## Collected data entries:
§
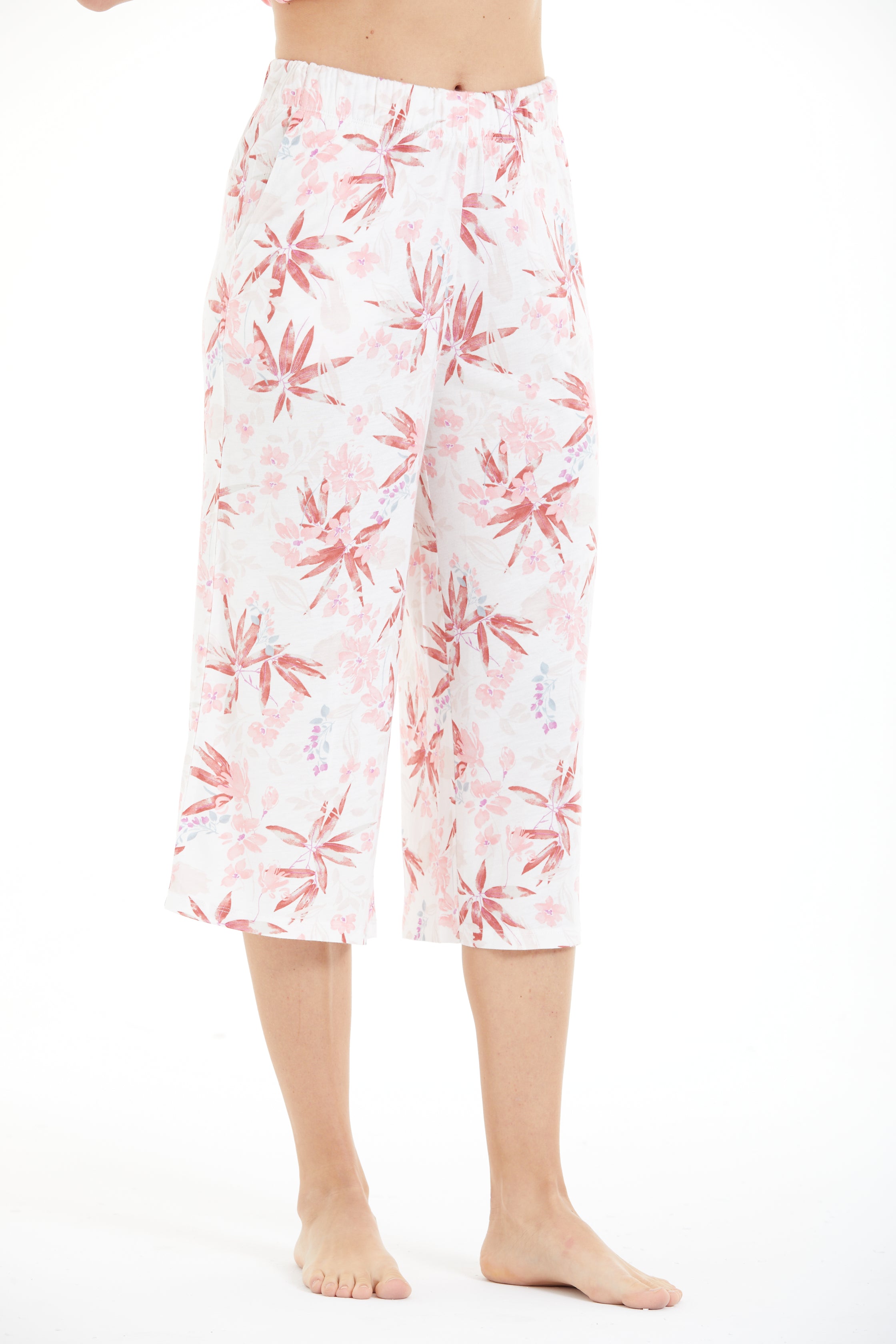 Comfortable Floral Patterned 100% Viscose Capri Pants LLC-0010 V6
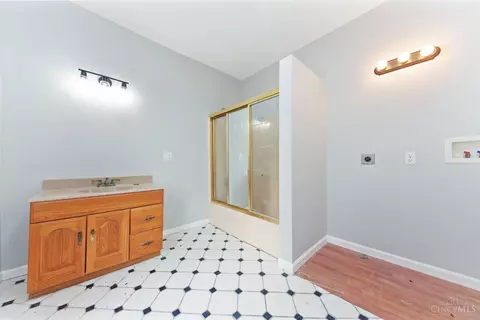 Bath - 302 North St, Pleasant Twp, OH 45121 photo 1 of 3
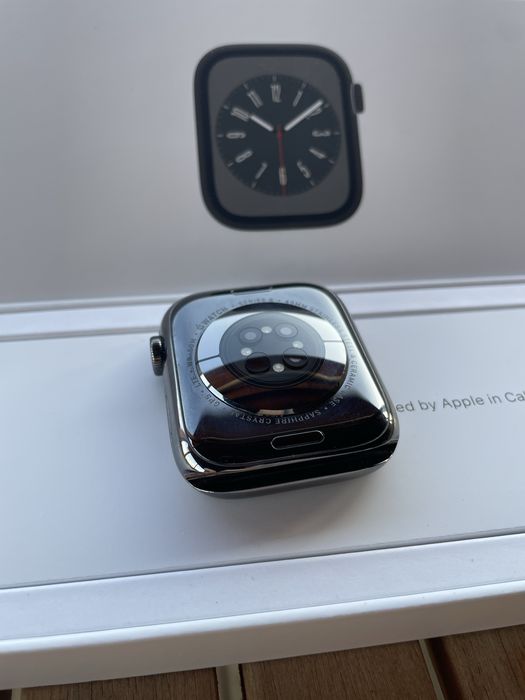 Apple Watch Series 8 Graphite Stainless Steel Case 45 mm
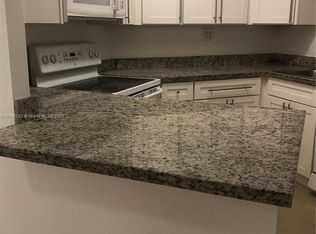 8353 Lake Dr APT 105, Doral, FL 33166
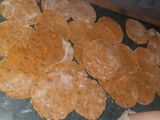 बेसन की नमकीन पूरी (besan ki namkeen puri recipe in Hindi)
§
## EXERCISE INSTRUCTIONS:
Only the lines from the start of the records to the one containing "8353 Lake Dr APT 105, Doral, FL 33166" should be repeated, exactly and with both ends kept; drop any pictures.

## RESPONSE AREA:
 Comfortable Floral Patterned 100% Viscose Capri Pants LLC-0010 V6
 Bath - 302 North St, Pleasant Twp, OH 45121 photo 1 of 3
 Apple Watch Series 8 Graphite Stainless Steel Case 45 mm
 8353 Lake Dr APT 105, Doral, FL 33166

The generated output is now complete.